In other words, coal might be ensconced in the womb of Mother Earth, but its cost has been artificially lowered to the allottee for all times to come with no obligation on him to mind consumer interests.
There could have been an extenuating circumstance for this largesse had the allottees in return been enjoined to give a sliver of their revenue to the government ad valorem so that the government can use it for public spending.
Hail the CAG
In a milieu where auditors are pilloried for their shoddy work, the CAG in India stands out as an island of excellence. But since his work embarrasses the government no end, he is being asked not to exceed his brief. The popular refrain in the ministerial circles is he has no business to question policies. Touché!
In the name of not questioning a policy and sticking to the straight and narrow of traditional auditing, he is asked to look the other way even as the nation’s resources are either bartered away or plundered.

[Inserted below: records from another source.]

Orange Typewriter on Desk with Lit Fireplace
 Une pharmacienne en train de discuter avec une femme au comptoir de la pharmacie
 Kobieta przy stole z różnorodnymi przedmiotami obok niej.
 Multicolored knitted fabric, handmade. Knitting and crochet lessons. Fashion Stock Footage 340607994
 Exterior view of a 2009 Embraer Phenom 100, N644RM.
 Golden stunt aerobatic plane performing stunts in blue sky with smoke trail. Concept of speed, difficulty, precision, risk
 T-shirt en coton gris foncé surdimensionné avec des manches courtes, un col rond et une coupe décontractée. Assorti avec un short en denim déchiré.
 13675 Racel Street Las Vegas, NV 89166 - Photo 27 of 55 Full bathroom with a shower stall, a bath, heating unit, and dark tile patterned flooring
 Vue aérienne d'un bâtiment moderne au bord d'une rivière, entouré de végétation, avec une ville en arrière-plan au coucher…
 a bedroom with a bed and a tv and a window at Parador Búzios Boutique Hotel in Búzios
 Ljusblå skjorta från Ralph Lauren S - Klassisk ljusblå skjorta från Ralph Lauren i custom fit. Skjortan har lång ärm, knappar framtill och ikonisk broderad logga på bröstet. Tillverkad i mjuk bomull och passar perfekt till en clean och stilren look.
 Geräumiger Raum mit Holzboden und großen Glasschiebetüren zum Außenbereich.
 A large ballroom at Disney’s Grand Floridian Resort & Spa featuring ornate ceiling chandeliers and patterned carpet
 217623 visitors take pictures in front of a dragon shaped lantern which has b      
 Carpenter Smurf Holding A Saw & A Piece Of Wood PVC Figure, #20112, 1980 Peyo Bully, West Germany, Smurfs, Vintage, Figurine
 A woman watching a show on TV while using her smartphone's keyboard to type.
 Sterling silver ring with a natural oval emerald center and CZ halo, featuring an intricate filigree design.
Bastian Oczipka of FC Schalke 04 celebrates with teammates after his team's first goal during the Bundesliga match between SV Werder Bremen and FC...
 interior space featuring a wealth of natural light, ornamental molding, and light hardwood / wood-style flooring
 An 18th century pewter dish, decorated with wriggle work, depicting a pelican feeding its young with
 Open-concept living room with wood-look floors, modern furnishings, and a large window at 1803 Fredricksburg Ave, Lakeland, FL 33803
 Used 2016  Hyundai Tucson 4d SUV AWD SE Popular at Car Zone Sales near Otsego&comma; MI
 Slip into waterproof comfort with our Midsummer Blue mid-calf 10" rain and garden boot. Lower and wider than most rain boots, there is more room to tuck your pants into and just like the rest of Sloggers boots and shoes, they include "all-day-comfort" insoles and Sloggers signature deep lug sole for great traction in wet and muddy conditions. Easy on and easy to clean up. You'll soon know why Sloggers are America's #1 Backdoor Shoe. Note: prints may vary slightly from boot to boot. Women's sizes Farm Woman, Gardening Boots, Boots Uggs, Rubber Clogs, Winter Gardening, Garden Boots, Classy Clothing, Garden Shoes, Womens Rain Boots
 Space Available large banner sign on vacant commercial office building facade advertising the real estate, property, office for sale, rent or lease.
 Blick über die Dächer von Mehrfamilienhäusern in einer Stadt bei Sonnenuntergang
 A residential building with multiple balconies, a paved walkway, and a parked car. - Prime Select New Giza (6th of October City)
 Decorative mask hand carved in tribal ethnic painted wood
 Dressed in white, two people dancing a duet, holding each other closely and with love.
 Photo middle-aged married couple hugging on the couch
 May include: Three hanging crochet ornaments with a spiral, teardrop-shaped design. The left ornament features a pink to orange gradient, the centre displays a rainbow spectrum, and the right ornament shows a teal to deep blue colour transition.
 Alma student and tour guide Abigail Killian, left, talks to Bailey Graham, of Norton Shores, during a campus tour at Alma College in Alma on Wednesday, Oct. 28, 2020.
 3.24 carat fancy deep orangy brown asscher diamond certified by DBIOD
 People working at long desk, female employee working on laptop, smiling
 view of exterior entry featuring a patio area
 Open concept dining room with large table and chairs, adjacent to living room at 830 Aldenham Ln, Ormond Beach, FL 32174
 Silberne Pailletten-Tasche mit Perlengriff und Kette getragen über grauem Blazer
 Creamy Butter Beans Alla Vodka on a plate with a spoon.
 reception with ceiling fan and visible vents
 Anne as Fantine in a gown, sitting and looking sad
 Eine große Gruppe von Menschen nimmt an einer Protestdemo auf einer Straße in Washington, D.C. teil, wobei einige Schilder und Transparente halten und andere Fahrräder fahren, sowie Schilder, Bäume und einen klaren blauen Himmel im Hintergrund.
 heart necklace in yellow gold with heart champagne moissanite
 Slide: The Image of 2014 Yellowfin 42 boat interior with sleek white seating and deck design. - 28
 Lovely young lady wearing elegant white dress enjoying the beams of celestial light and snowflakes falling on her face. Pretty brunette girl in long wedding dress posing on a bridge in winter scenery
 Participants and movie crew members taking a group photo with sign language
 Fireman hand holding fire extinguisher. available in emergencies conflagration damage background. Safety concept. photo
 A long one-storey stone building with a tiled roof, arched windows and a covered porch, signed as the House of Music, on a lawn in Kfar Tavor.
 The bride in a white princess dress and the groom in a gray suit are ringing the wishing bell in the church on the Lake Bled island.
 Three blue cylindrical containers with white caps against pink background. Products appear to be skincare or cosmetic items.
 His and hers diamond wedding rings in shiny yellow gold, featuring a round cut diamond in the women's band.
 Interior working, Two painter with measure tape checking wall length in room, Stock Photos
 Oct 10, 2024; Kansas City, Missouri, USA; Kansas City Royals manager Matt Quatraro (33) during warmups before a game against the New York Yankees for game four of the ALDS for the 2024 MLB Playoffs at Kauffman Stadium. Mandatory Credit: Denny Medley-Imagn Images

Even commenting on proper accounting of revenue and expenditure, which admittedly is well within his remit and rights, calls for examining whether what ought to be received has been received or not.
Can a company management say that it is the policy of the company not to account for sale of scrap to the extent of 75 per cent in the books, with the money taken outside the books for various purposes -- and that the auditor should not comment on scrap?
The reason why auditors of private sector companies are suffering from a credibility crisis is they often play ball with the promoters and gloss over shenanigans so long as their tenure is continued and fees increased.
In the milieu of such general decadence, it is amazing that the CAG is criticised for his alleged overzealousness when what he deserves is applause.
Granted, he might have been remiss in not discounting the loot to its present value but that does not absolve the facilitators of the loot of their guilt. The Net Present Value (NPV) of the revenue foregone for the government, say, is Rs 86,000 crore and not Rs 1,86,000 crore, the figure trotted out by the CAG, but does that make the government any the less guilty?
A white-collar criminal cannot take solace from the fact in the trial that the magnitude of loot has been scaled down from Rs 500 crore mentioned in the charge sheet to Rs 250 crore on examination of evidence.
Selective allotment of scarce and precious natural resources raises the hackles of both auditors and other conscience keepers. If auction is found inappropriate, revenue sharing must be insisted upon as a viable alternative, with the bidder offering the highest share of revenue getting the licence or whatever is on offer.
In Coalgate, the weakest defence is that the benighted tribals would get 26 per cent of the share of mining profits from coal and hence steel and power companies benefitting from the lax allotment norms have not after all been favoured.
The truth is: it is one thing to share revenue but quite another to share profits, with the latter capable of either vanishing completely or chopped off substantially thanks to licentious accounting practices. The CAG perhaps would not have been critical had the route adopted been auction or revenue sharing.